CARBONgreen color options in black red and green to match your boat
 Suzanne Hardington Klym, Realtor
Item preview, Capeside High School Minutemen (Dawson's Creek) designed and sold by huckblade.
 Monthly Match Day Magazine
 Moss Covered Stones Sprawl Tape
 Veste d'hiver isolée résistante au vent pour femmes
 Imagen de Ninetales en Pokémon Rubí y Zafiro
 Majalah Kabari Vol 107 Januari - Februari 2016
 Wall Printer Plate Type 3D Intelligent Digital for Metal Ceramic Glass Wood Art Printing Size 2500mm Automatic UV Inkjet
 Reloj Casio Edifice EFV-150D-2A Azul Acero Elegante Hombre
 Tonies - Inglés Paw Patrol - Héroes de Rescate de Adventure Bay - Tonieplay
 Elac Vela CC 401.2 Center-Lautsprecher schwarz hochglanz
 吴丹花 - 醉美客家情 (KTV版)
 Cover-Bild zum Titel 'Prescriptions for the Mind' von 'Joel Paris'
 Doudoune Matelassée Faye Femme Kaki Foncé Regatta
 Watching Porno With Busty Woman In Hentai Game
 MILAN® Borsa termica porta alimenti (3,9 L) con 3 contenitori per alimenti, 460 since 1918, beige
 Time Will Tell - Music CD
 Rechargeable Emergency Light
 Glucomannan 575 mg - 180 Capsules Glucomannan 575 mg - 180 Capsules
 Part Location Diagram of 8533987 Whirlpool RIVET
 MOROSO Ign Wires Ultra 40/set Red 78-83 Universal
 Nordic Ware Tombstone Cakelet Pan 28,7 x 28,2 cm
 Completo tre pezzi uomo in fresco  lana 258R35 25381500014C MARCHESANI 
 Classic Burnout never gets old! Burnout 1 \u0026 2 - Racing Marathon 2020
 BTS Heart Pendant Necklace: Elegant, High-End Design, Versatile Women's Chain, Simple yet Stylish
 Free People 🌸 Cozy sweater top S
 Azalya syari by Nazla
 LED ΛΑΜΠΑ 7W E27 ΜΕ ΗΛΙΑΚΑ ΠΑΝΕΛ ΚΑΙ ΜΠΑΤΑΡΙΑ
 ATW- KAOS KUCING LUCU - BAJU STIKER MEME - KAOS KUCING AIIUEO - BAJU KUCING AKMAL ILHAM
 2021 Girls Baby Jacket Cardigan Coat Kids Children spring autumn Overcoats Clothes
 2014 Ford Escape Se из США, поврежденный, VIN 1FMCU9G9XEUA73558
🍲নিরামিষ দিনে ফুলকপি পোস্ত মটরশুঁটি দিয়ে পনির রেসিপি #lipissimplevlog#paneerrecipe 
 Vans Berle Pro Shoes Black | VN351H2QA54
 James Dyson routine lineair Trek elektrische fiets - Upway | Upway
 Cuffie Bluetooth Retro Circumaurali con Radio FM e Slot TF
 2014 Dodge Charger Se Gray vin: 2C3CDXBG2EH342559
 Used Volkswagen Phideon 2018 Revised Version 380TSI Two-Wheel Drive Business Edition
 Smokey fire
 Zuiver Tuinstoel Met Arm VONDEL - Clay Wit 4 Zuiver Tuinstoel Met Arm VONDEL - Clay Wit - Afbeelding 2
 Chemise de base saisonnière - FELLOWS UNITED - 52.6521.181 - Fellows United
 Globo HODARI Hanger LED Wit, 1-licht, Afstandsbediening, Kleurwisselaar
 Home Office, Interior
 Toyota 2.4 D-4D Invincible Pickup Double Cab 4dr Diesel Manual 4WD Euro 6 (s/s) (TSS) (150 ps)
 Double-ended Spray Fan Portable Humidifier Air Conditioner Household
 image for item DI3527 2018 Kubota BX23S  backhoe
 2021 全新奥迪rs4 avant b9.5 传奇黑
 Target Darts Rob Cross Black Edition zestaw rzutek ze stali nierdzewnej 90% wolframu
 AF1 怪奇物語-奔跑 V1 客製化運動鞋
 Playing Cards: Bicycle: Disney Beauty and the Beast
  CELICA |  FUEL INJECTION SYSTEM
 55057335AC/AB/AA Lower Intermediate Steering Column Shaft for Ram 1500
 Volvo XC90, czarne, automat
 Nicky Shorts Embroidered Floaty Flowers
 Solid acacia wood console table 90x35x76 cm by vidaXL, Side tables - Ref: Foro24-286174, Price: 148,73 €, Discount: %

- [ASSIGNED TASK] Starting at the first line of the data above, retype each line exactly until you reach the line containing "Cuffie Bluetooth Retro", and include that line too.

- [EXERCISE RESULT]
CARBONgreen color options in black red and green to match your boat
 Suzanne Hardington Klym, Realtor
Item preview, Capeside High School Minutemen (Dawson's Creek) designed and sold by huckblade.
 Monthly Match Day Magazine
 Moss Covered Stones Sprawl Tape
 Veste d'hiver isolée résistante au vent pour femmes
 Imagen de Ninetales en Pokémon Rubí y Zafiro
 Majalah Kabari Vol 107 Januari - Februari 2016
 Wall Printer Plate Type 3D Intelligent Digital for Metal Ceramic Glass Wood Art Printing Size 2500mm Automatic UV Inkjet
 Reloj Casio Edifice EFV-150D-2A Azul Acero Elegante Hombre
 Tonies - Inglés Paw Patrol - Héroes de Rescate de Adventure Bay - Tonieplay
 Elac Vela CC 401.2 Center-Lautsprecher schwarz hochglanz
 吴丹花 - 醉美客家情 (KTV版)
 Cover-Bild zum Titel 'Prescriptions for the Mind' von 'Joel Paris'
 Doudoune Matelassée Faye Femme Kaki Foncé Regatta
 Watching Porno With Busty Woman In Hentai Game
 MILAN® Borsa termica porta alimenti (3,9 L) con 3 contenitori per alimenti, 460 since 1918, beige
 Time Will Tell - Music CD
 Rechargeable Emergency Light
 Glucomannan 575 mg - 180 Capsules Glucomannan 575 mg - 180 Capsules
 Part Location Diagram of 8533987 Whirlpool RIVET
 MOROSO Ign Wires Ultra 40/set Red 78-83 Universal
 Nordic Ware Tombstone Cakelet Pan 28,7 x 28,2 cm
 Completo tre pezzi uomo in fresco  lana 258R35 25381500014C MARCHESANI 
 Classic Burnout never gets old! Burnout 1 \u0026 2 - Racing Marathon 2020
 BTS Heart Pendant Necklace: Elegant, High-End Design, Versatile Women's Chain, Simple yet Stylish
 Free People 🌸 Cozy sweater top S
 Azalya syari by Nazla
 LED ΛΑΜΠΑ 7W E27 ΜΕ ΗΛΙΑΚΑ ΠΑΝΕΛ ΚΑΙ ΜΠΑΤΑΡΙΑ
 ATW- KAOS KUCING LUCU - BAJU STIKER MEME - KAOS KUCING AIIUEO - BAJU KUCING AKMAL ILHAM
 2021 Girls Baby Jacket Cardigan Coat Kids Children spring autumn Overcoats Clothes
 2014 Ford Escape Se из США, поврежденный, VIN 1FMCU9G9XEUA73558
🍲নিরামিষ দিনে ফুলকপি পোস্ত মটরশুঁটি দিয়ে পনির রেসিপি #lipissimplevlog#paneerrecipe 
 Vans Berle Pro Shoes Black | VN351H2QA54
 James Dyson routine lineair Trek elektrische fiets - Upway | Upway
 Cuffie Bluetooth Retro Circumaurali con Radio FM e Slot TF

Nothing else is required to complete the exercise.